(Data extracted from a collection)
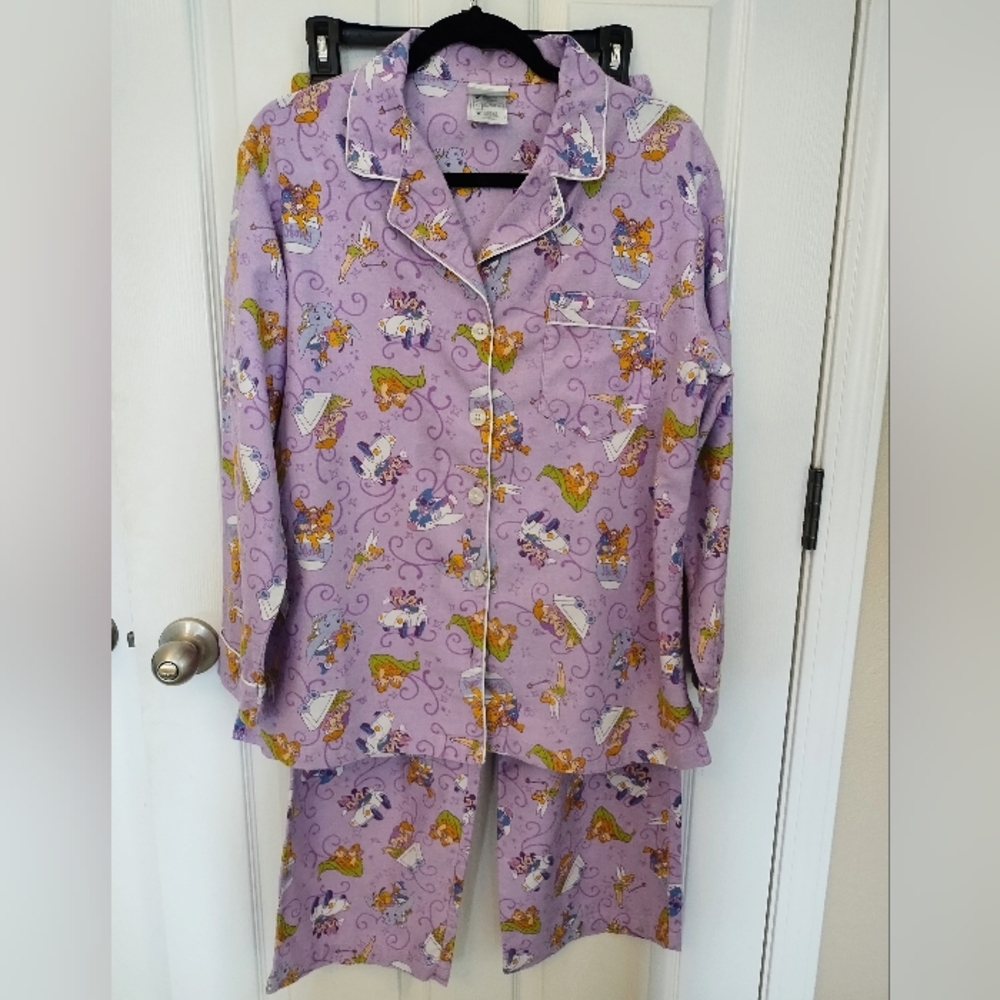 Ladies Disney Cotton Flannel Pajamas M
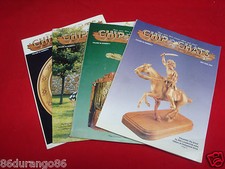 WOOD CARVING MAGAZINES CHIP CHATS 2002 4 ISSUES CHIP POWER RELIEF CARVING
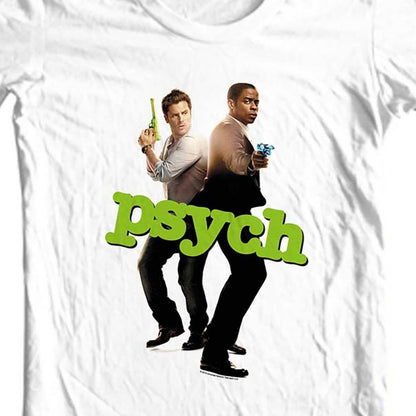 Psych T-shirt Shawn and Gus detective TV Show USA television NBC161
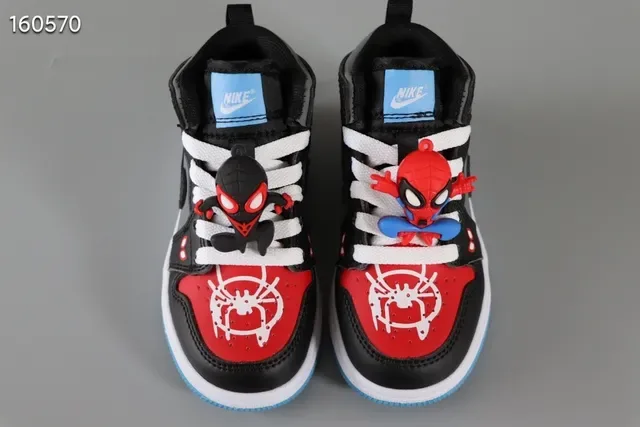 Nike Black Red High-Top Leather-and-Synthetic Upper Lifestyle Sneakers 6
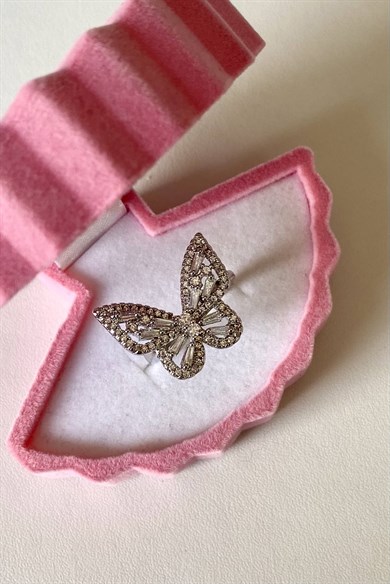 Mariposa Yüzük 1.5 CM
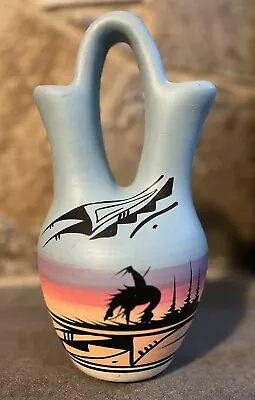 Buy Navajo Dineh Wedding Vase Pottery 10.5   Handmade Signed By Mitchell Blackhorse • 51.99£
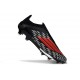 Zapatos Adidas F50+ Sin Cordones FG Negro Rojo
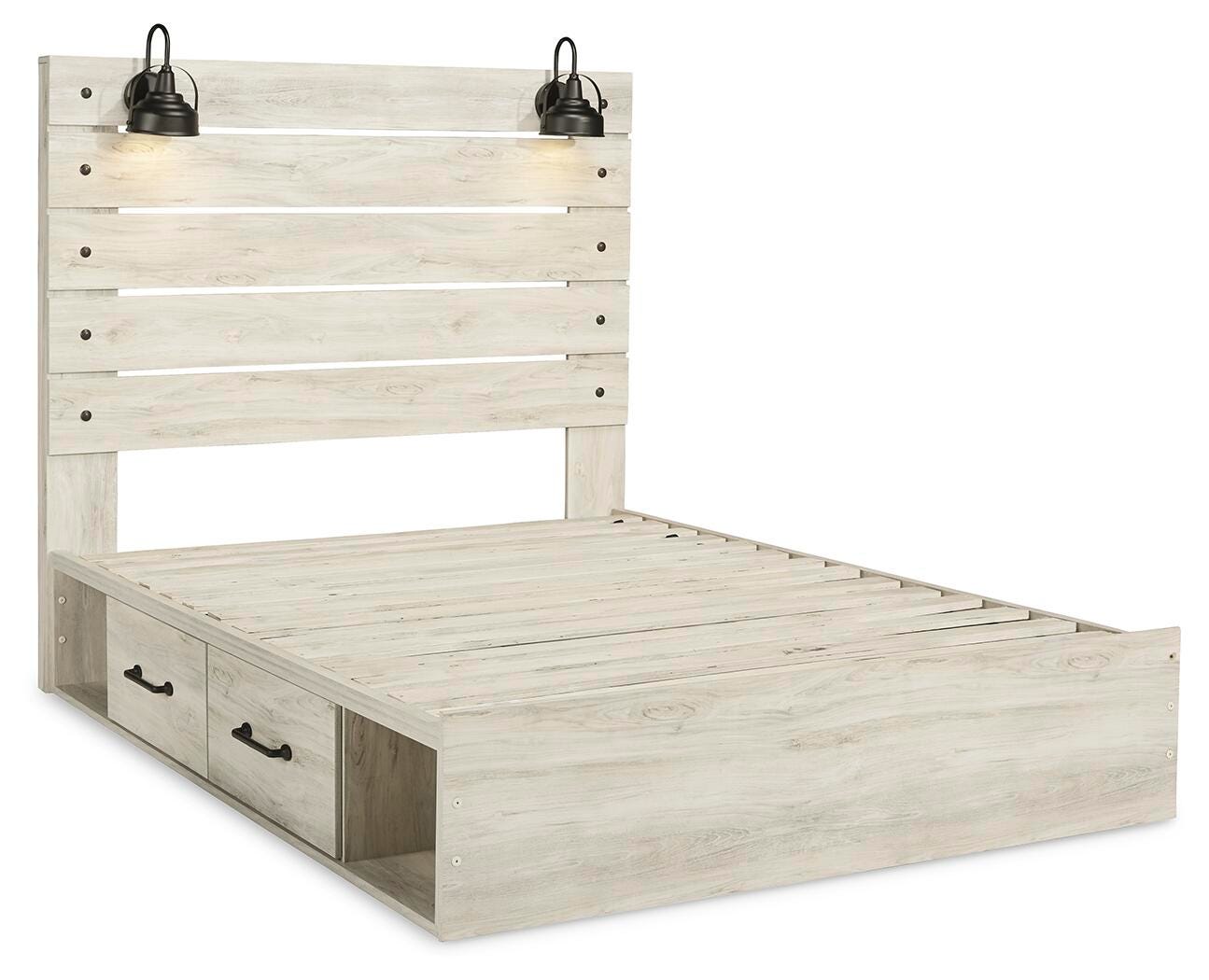 Cambeck Panel Bed with 4 Storage Drawers
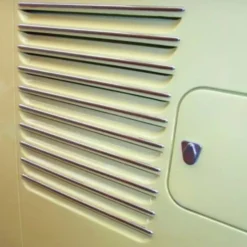 Moulures sur ouïes d'aération pour VOLKSWAGEN Combi Split (03/1963-07/1967) - INOX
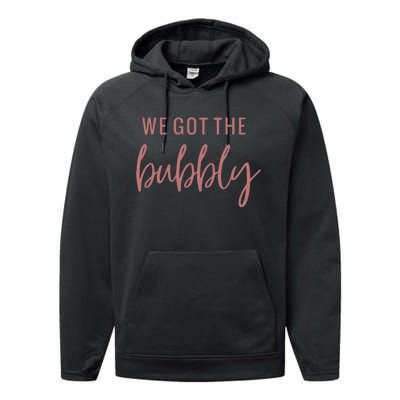 Bubbly Celebration For Bachelorette Party Performance Fleece Hoodie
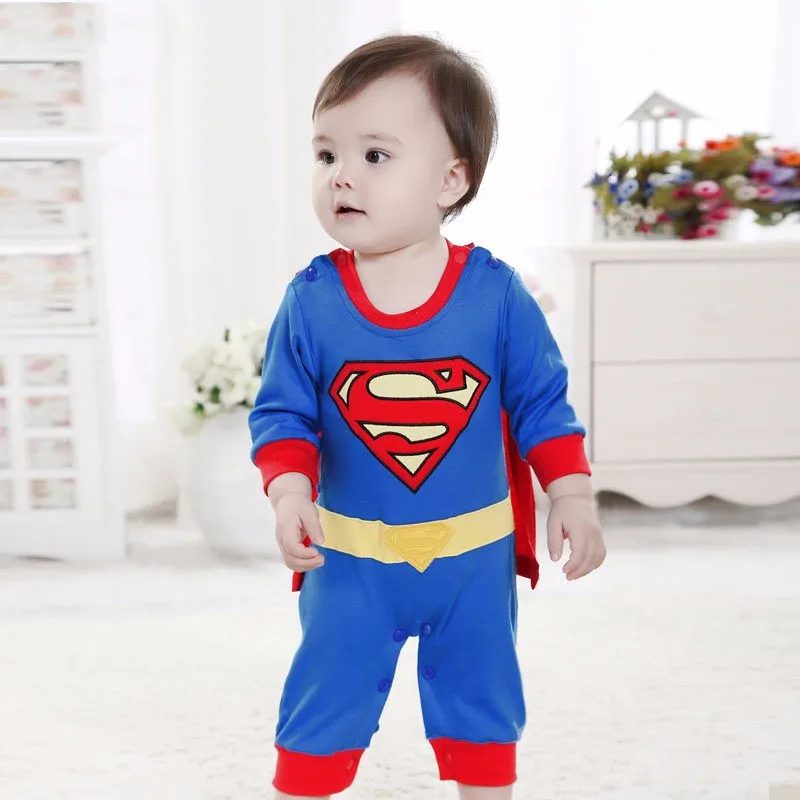 Neugeborenen Baby Jungen Superhelden Superman Mädchen Strampler Overall Romper 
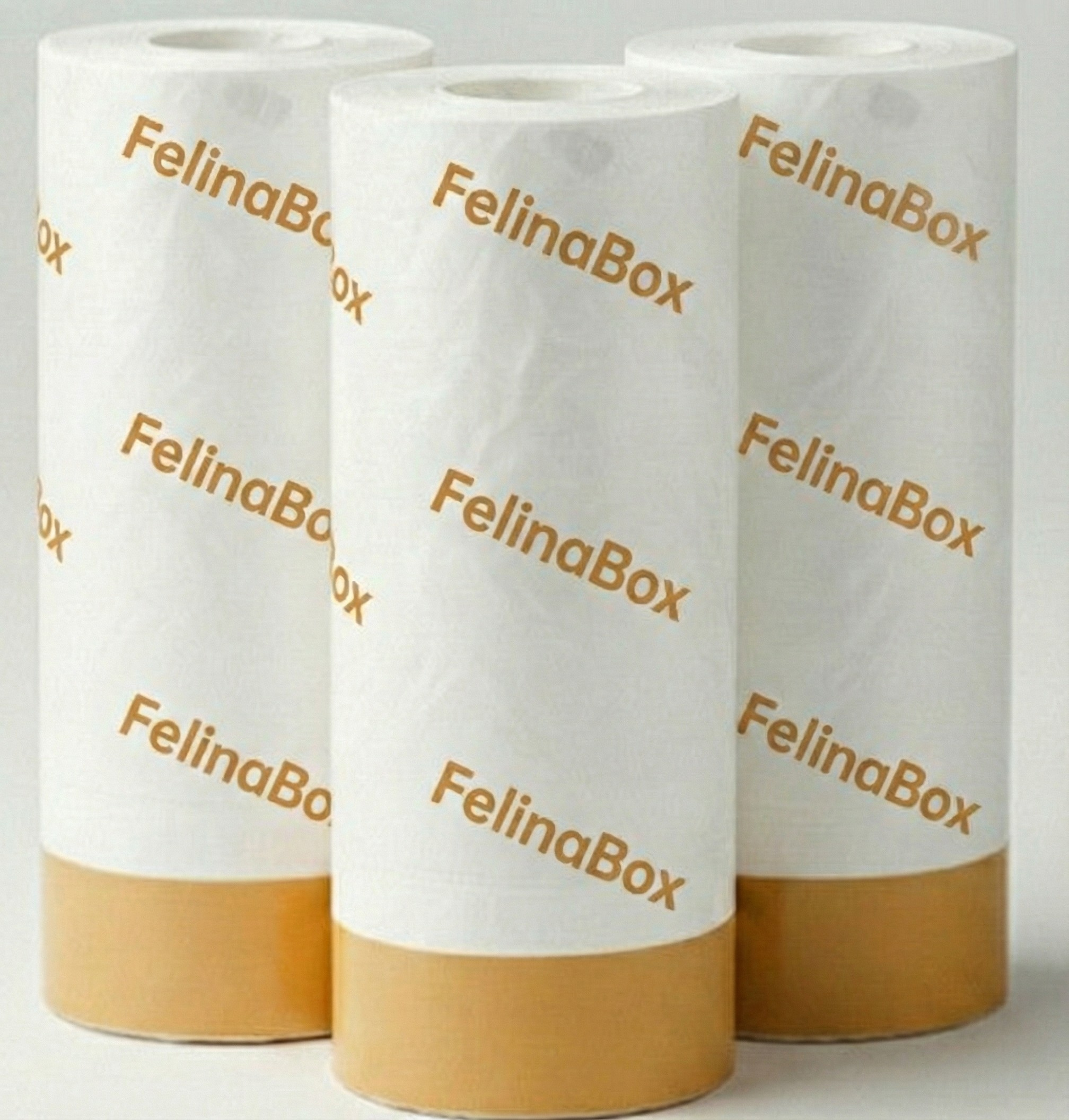 FelinaBox cat litter box liners 3 rolls 60 pieces leak-resistant disposable bags – litter box accessories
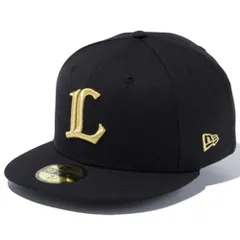 ニューエラ 59FIFTY 埼玉西武ライオンズ ブラック ゴールド 1個  New Era 5950 NPB SEILIO BLK/MTGLD 25J1pc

▶ [Exercise details] The pictures stay out; copy the rest of the data word for word.

▶ [Reply]
 Ladies Disney Cotton Flannel Pajamas M
 WOOD CARVING MAGAZINES CHIP CHATS 2002 4 ISSUES CHIP POWER RELIEF CARVING
 Psych T-shirt Shawn and Gus detective TV Show USA television NBC161
 Nike Black Red High-Top Leather-and-Synthetic Upper Lifestyle Sneakers 6
 Mariposa Yüzük 1.5 CM
 Buy Navajo Dineh Wedding Vase Pottery 10.5   Handmade Signed By Mitchell Blackhorse • 51.99£
 Zapatos Adidas F50+ Sin Cordones FG Negro Rojo
 Cambeck Panel Bed with 4 Storage Drawers
 Moulures sur ouïes d'aération pour VOLKSWAGEN Combi Split (03/1963-07/1967) - INOX
 Bubbly Celebration For Bachelorette Party Performance Fleece Hoodie
 Neugeborenen Baby Jungen Superhelden Superman Mädchen Strampler Overall Romper 
 FelinaBox cat litter box liners 3 rolls 60 pieces leak-resistant disposable bags – litter box accessories
 ニューエラ 59FIFTY 埼玉西武ライオンズ ブラック ゴールド 1個  New Era 5950 NPB SEILIO BLK/MTGLD 25J1pc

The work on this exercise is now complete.